At 600 yards from the well, and circularly arranged around it as
a central point, rose 1,200 reverberating ovens, each six feet
in diameter, and separated from each other by an interval of
three feet. The circumference occupied by these 1,200 ovens
presented a length of two miles. Being all constructed on the
same plan, each with its high quadrangular chimney, they
produced a most singular effect.
It will be remembered that on their third meeting the committee
had decided to use cast iron for the Columbiad, and in particular
the white description. This metal, in fact, is the most
tenacious, the most ductile, and the most malleable, and
consequently suitable for all moulding operations; and when
smelted with pit coal, is of superior quality for all
engineering works requiring great resisting power, such as
cannon, steam boilers, hydraulic presses, and the like.

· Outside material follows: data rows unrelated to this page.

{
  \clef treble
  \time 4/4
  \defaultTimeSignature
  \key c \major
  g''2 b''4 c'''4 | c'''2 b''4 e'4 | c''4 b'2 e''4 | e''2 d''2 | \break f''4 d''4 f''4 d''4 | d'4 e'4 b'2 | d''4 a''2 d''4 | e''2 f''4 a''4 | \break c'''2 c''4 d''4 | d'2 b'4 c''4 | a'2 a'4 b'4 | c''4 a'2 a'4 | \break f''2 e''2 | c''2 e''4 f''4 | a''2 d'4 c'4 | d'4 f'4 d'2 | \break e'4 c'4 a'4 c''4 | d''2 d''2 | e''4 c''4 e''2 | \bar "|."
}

Cast iron, however, if subjected to only one single fusion,
is rarely sufficiently homogeneous; and it requires a second
fusion completely to refine it by dispossessing it of its last
earthly deposits. So long before being forwarded to Tampa Town,
the iron ore, molten in the great furnaces of Coldspring, and
brought into contact with coal and silicium heated to a high
temperature, was carburized and transformed into cast iron.
After this first operation, the metal was sent on to Stones Hill.
They had, however, to deal with 136,000,000 pounds of iron, a
quantity far too costly to send by railway. The cost of
transport would have been double that of material. It appeared
preferable to freight vessels at New York, and to load them with
the iron in bars. This, however, required not less than sixty-
eight vessels of 1,000 tons, a veritable fleet, which, quitting
New York on the 3rd of May, on the 10th of the same month ascended
the Bay of Espiritu Santo, and discharged their cargoes, without
dues, in the port at Tampa Town. Thence the iron was transported
by rail to Stones Hill, and about the middle of January this
enormous mass of metal was delivered at its destination.
It will easily be understood that 1,200 furnaces were not too
many to melt simultaneously these 60,000 tons of iron. Each of
these furnaces contained nearly 140,000 pounds weight of metal.
They were all built after the model of those which served for
the casting of the Rodman gun; they were trapezoidal in shape,
with a high elliptical arch. These furnaces, constructed of
fireproof brick, were especially adapted for burning pit coal,
with a flat bottom upon which the iron bars were laid. This bottom,
inclined at an angle of 25 degrees, allowed the metal to flow into
the receiving troughs; and the 1,200 converging trenches carried
the molten metal down to the central well.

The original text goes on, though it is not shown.